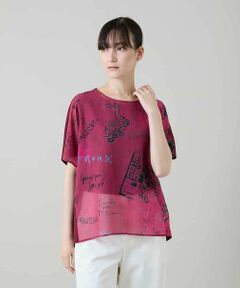 HIROKO KOSHINO / ヒロココシノ カットソー | デニム風アートプリントカットソー/日本製/洗える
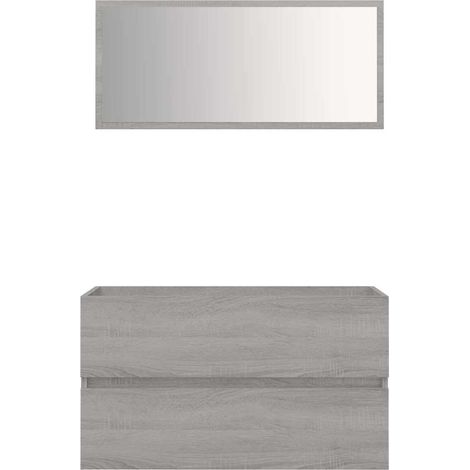 Ensemble de meubles de salle de bain 2 pcs Sonoma gris (1/5)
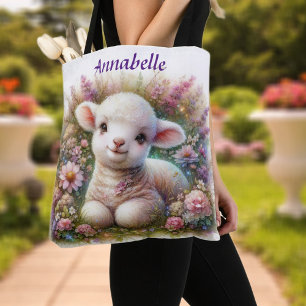 Bolsa Tote Lamas e flores personalizadas, de cor branca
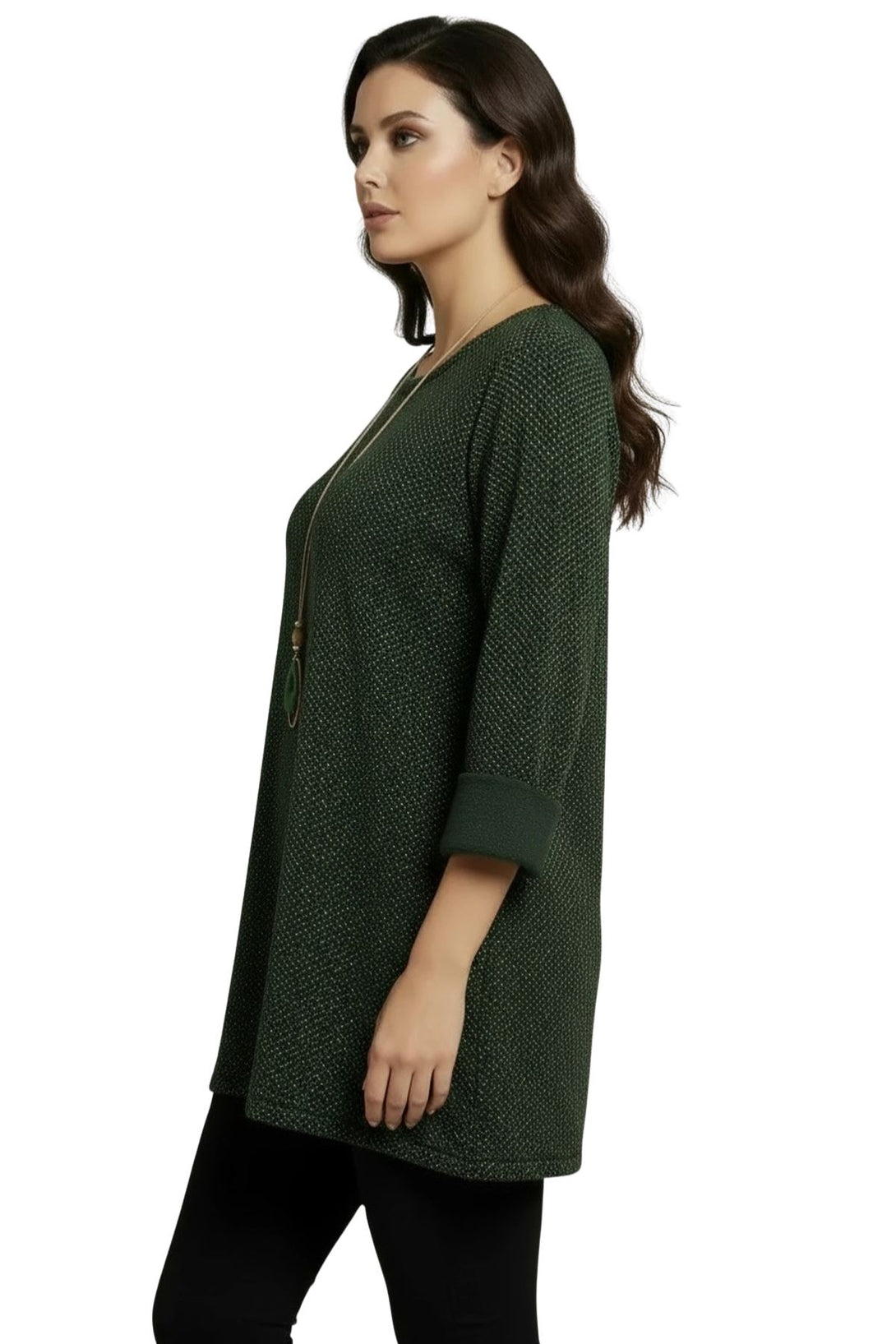 metallic dotted knit tunic with pockets
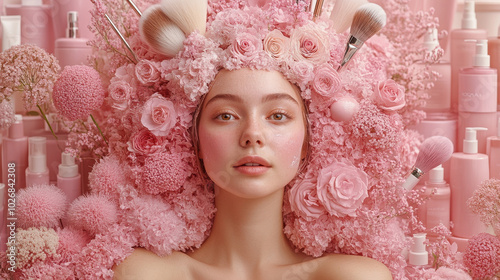 Portrait of beauty with floral headdress and pink tones. Concept of superficial beauty.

- The problem -
Your output must reproduce the material above in full, with no pictures.

- Output of the task -
 HIROKO KOSHINO / ヒロココシノ カットソー | デニム風アートプリントカットソー/日本製/洗える
 Ensemble de meubles de salle de bain 2 pcs Sonoma gris (1/5)
 Bolsa Tote Lamas e flores personalizadas, de cor branca
 metallic dotted knit tunic with pockets
 Portrait of beauty with floral headdress and pink tones. Concept of superficial beauty.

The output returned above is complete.